Two years later, out of the blue, Zigi received a letter from a Polish, Jewish woman in England. She explained that she had survived the Holocaust. She was searching for her son and she was excited to find his name on a British Red Cross List. She asked Zigi to check if he had a scar on his left wrist, having been burnt when he was two. He did. And that’s how Zigi came to England, to be reunited with his mother. 

Zigi Shipper died last week on his 93rd birthday. Like numerous Holocaust survivors, Zigi was determined to be positive. He was a beacon of light with a mischievous twinkle in his eye. His wit and warmth were infectious. 

Zigi devoted his life to educating others and urging everyone to appreciate our common humanity. He conveyed the message that the Holocaust was unique in its origins, its scale and the depth of its evil perpetrated by cultured and sophisticated people. 

And yet, Zigi lived to see a worrying resurgence of global antisemitism and a time when the Holocaust is increasingly misappropriated as a tool to attract attention. Just in the last few weeks, a sitting MP claimed that the Covid Vaccine programme was ‘the biggest crime against humanity since the Holocaust and the Russian Foreign Minister accused the West of seeking “the final solution to the ‘Russian question.'” Not so long ago, a UK football manager described a player having a bad game as ‘having a Holocaust’. 

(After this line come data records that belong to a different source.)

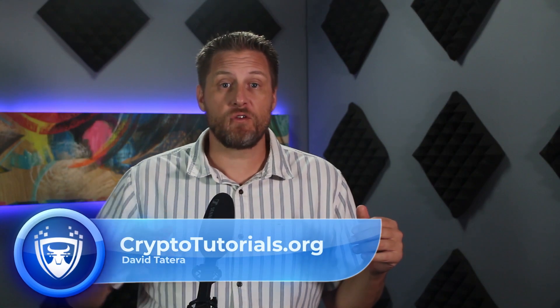It looks like PayPal finally got on board and has opened the option to both send and receive crypto. They're actively allowing four different coins: Bitcoin, Ethereum, Litecoin, and Bitcoin Cash. Today I'll show you exactly how to send and receive tokens from your PayPal account, as well as how to get past that dreaded PayPal crypto not available in my region error that a lot of people seem to be getting. Thanks for joining me, guys — I'm David here with Crypto Tutorials.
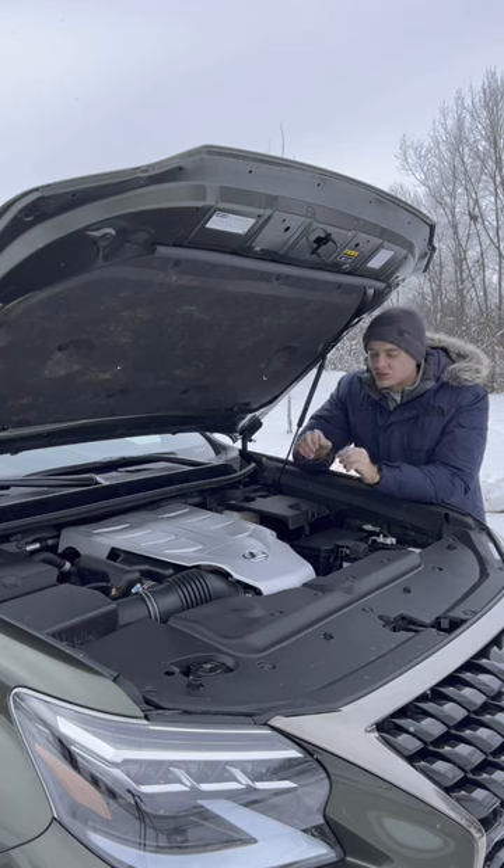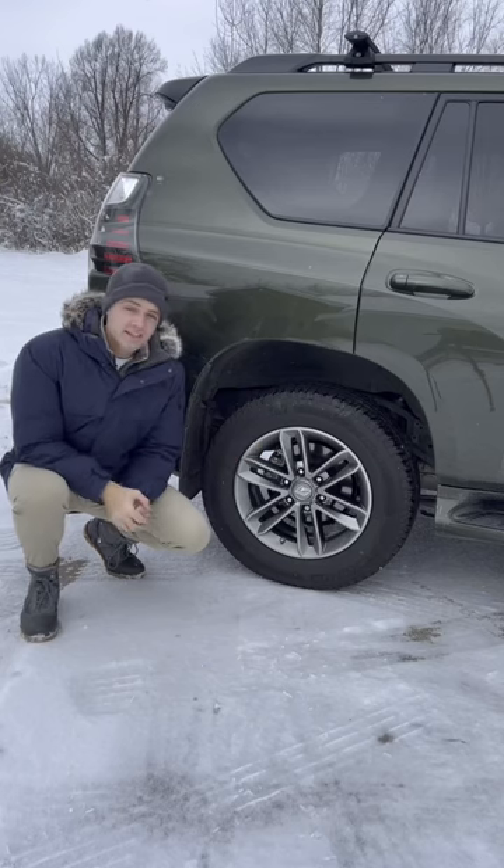A 4.6 liter naturally aspirated V8 that makes 301 horsepower — which is only 38 horsepower per cylinder. 18 inch rims on a $65,000 luxury SUV.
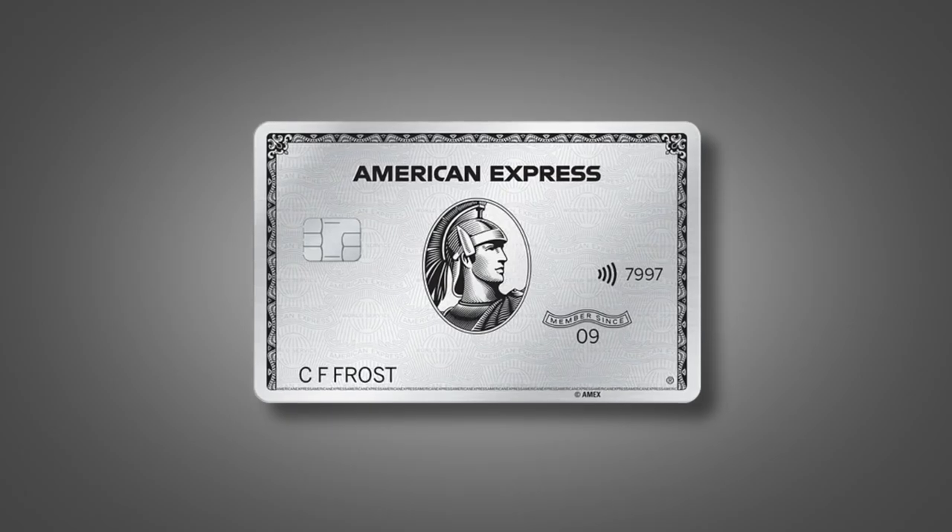How's it going everyone? My name is Matt and today we're going to be talking about the American Express Platinum Card. For better or for worse, this is probably the most talked about card in the credit card game. With so many benefits and credits offered on the card, it seems like a no-brainer.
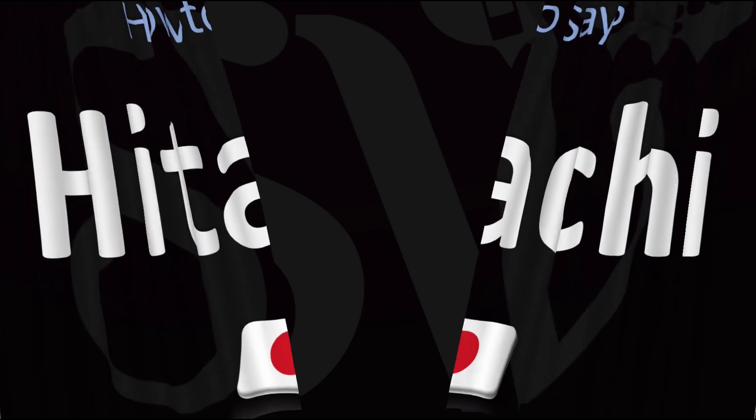More videos here on how to pronounce more words and names from Japan whose pronunciations aren't always obvious. I'll see you there to learn more. Thanks for watching.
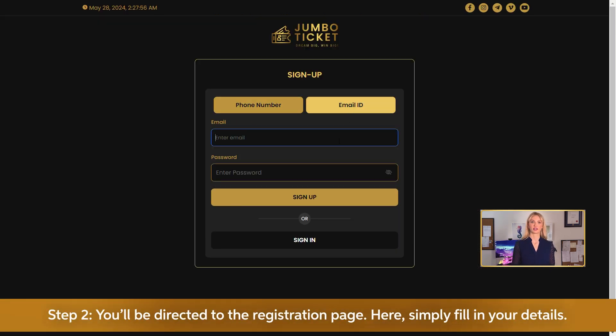Step 2: You'll be directed to the registration page. Here, simply fill in your details.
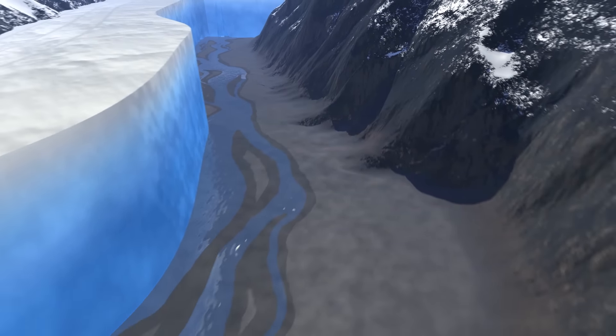But not all of that melt happens at the surface. In the summertime, rivers and pools of meltwater find their way down through the glacier to the bed below. From there, the water runs beneath the glacier until it reaches the ocean. Because meltwater contains no salt, it weighs less than ocean water and rises up the front of the glacier in what scientists call a plume.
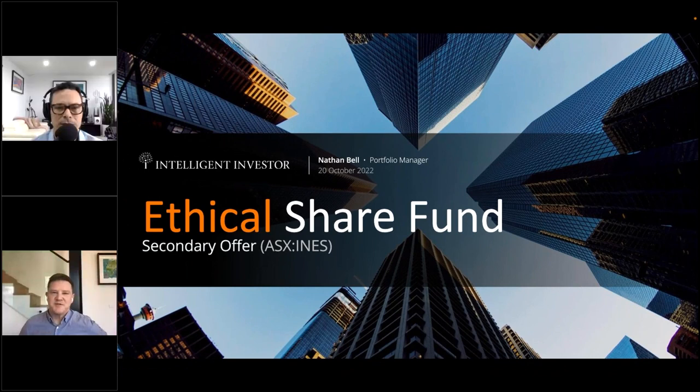Hi everyone, thanks so much for joining us for this webinar about the Intelligent Investor Ethical Share Fund. I'm Tom Wilson, one of the product specialists at InvestSMART, and I'm joined today by Nathan Bell, who's the portfolio manager for our Intelligent Investor funds. Hi Nathan, how are you doing?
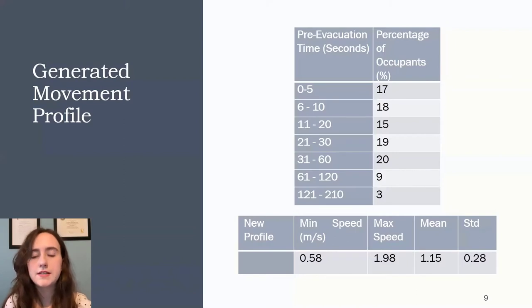Here you can see the summarized movement profile that was generated, including the recorded pre-evacuation time in seconds ranging from zero to 210 seconds in five- or ten-second increments, as well as the average movement speed for the cultural center. The speeds inputted into the software were broken down by demographic, as discussed, and that full breakdown was used in both Software A and Software B.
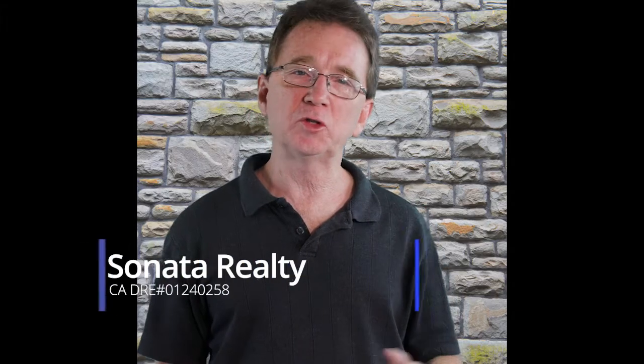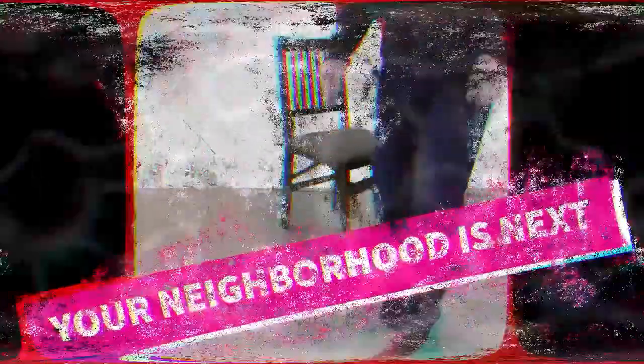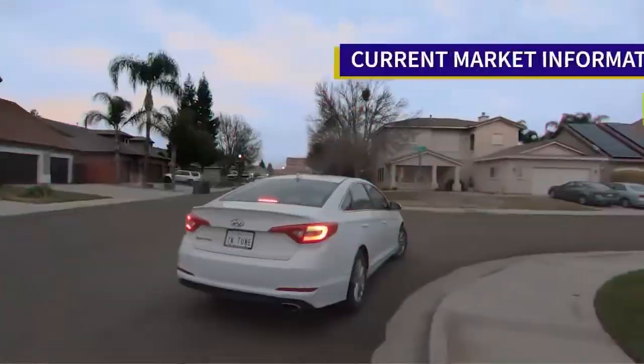Welcome to our neighborhood walk where we show you what's for sale by various realtors in local areas. Today we are in Tracy in the Carbona area. I'm Bradley, your buyer's agent, and today we are in Tracy in the 95304 zip code, which runs east of MacArthur Drive and wraps around the north side of 205 over to Mountain House. The homes we are looking at are on the south end in the area called Carbona. For all of the currently available properties in this neighborhood, just click on the link down below.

Zigi Shipper lived his life in the spirit of Psalm 34, the words of which are exceptionally relevant today: “Turn from evil and do good; seek peace and pursue it.”

On a return visit to Auschwitz in 2016, Zigi asked, “Have we learnt?” And he answered, “I don’t know. But we must not give up!” 

Today is Holocaust Memorial Day. Sadly, with each year that passes, there are fewer and fewer survivors, and we are now the ones who must never give up.